If you think there should be a law, then that's also a fine discussion.

But from my standpoint, people are complaining about the lack of enforcement of a law that doesn't exist.

3 comments

If you are a passenger in a vehicle that stops in a lane of traffic long enough to cause a traffic pileup, you speak up and fix it.

That's what you do.

Is the parent commenter suggesting that nobody riding the google bus has the gumption and the decency to sanity check an obviously ungracious and impolite behavior ?

It would be much worse for the city, if all of those people drove their own cars to work.

Have these people done the ground-work of asking Google to move the route? To consider that they might be blocking traffic?

Or did they show up one day and decide to make Googlers late to work with no warning?
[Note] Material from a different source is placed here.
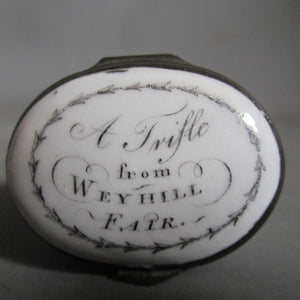 A Trifle From Weyhill Fair Green Enamel Patch Box Antique Georgian c1840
Does everything in life need to be controlled by laws. I'm sure I don't succeed all the time, but I always try to just be considerate of the other people around me, even if there is no law preventing the thing that I want to do.
That's because you're a person. Companies do not act with such civility -- they're not structured to do so. That's why companies need to be regulated far more than individuals -- basic human decency reduces the need for a lot of laws.
A company is not a living being. There is a person driving the bus. His boss who told him to park in the middle of traffic is a person. And so on all the way up the hierarchy of bosses and stakeholders.

We should expect civility from people even if they are acting from behind the shield of incorporation.

Regulation is ok, but its not the best. Ideally we could talk face to face with some humans and ask if they realize the consequences of their decisions.

But I understand this isnt the way things work.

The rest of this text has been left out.